Lewis v. Republic Supply Co.

Decision Date01 July 1963
Docket NumberNo. 5922,5922
Citation155 So.2d 200
PartiesL. B. LEWIS d/b/a Lewis Trucking Company v. REPUBLIC SUPPLY CO. et al.
CourtCourt of Appeal of Louisiana — District of US

Harold J. Rhodes, Berwick, for appellant.

Jones, Kimball, Harper, Tete & Wetherill, by J. Norwell Harper and James C. Hanchey, Lake Charles, Davidson, Meaux, Onebane & Donohoe, by R. C. Meaux, Lafayette, for appellees.

Before ELLIS, LOTTINGER, HERGET, LANDRY and REID, JJ.

LANDRY, Judge.

This cause is before us on the appeal of defendant, L. B. Lewis, d/b/a Lewis Trucking Company (sometimes hereinafter referred to simply as 'Lewis') from the judgment of the trial court dismissing said appellant's third party demand against third party defendants, Republic Supply Company and Colorado Fuel & Iron Corporation (sometimes hereinafter referred to simply as 'Republic' and 'Colorado', respectively, said latter named third party defendant being substituted in place and stead of initially designated third party defendant, John B. Roebling & Sons), upon a plea of prescription by the hereinabove first named defendant and a plea of prescription and exception of no cause of action by said latter named third party defendant.

The facts and circumstances giving rise to this litigation are not in dispute and, insofar as they are pertinent to the issues presented for resolution appear, by the pleadings and evidence adduced on the trial of third party defendants' pleas of prescription, to be as follows:

On or about May 2, 1961, Barnewell Offshore, Inc. filed suit against Lewis seeking judgment in compensation for damages to a drilling rig (known as a drilling mast) allegedly damaged by Lewis, a common carrier, who had contracted to transport plaintiff's said equipment.

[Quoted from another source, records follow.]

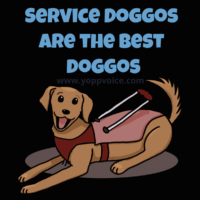 A cartoon of a light brown dog with floppy ears, a wagging tail, and a big smile. The dog is wearing a red and pink guiding harness on its back. Above in blocky bright blue letters it says 'Service Doggos Are the Best Doggos'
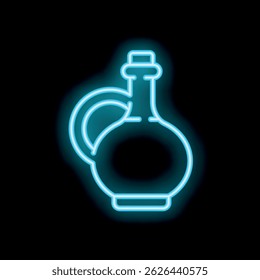 Blue neon sign of a traditional bottle shining brightly on a black background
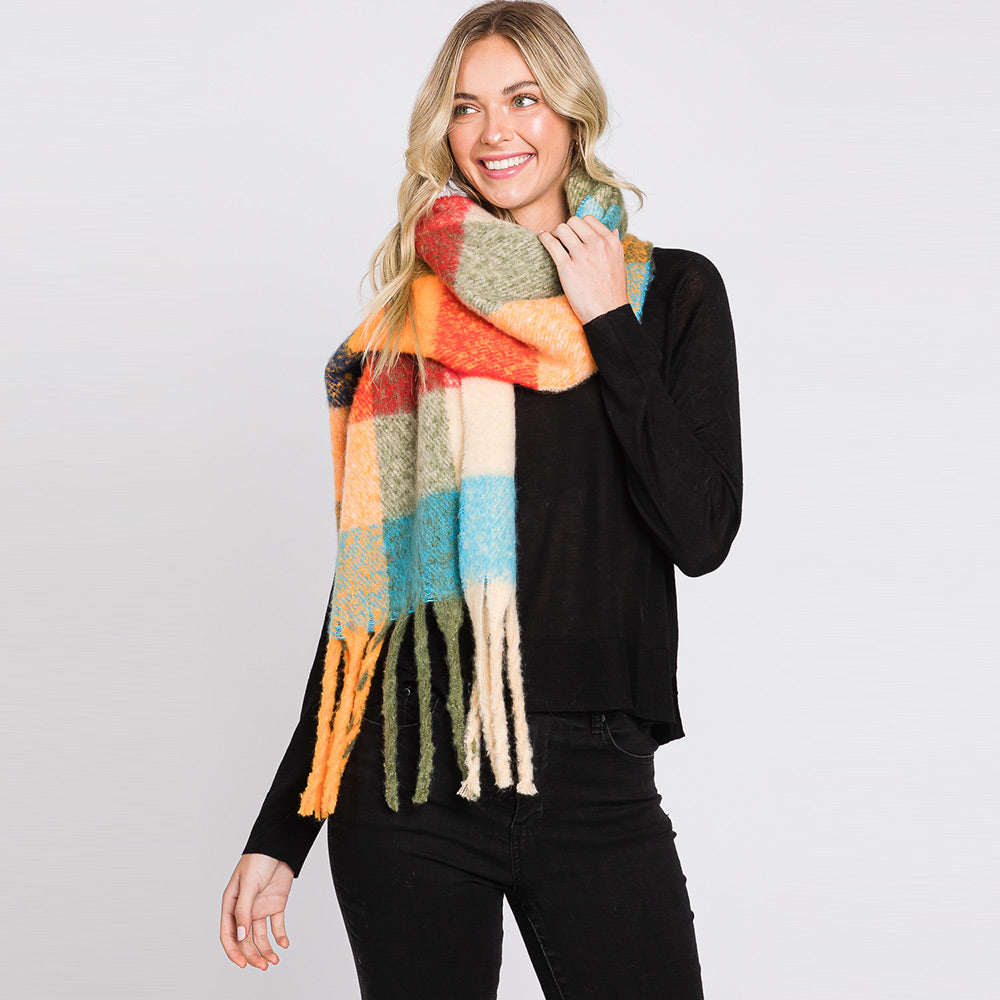 Multi Colored Plaid Check Patterned Fringe Oblong Scarf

Plaintiff in the main demand charged the damage to its apparatus occurred when a cable furnished by Lewis broke or parted as the equipment was being unloaded from the truck upon which it was being carried, causing the rig to be thrown to the ground occasioning damages thereto necessitating repairs in the sum of $23,049.83, for which amount plaintiff prayed for judgment in its favor.

Third party plaintiff, Lewis, purchased the cable from third party defendant, Republic, on September 12, 1960, and the accident occurred the following day, September 13, 1960.

Upon trial of the pleas of prescription filed on behalf of appellees, Republic and Colorado, it was established that appellant, Lewis, became aware of the defective nature of the cable not later than September 14, 1960, inasmuch as on either the day of the accident or the day following Lewis advised Republic the cable was defective and requested its replacement.

As previously stated, the main demand of the original plaintiff, Barnwell Offshore, Inc., was filed against defendant, Lewis, on May 2, 1960. The third party petition of defendant, Lewis, was filed September 28, 1961.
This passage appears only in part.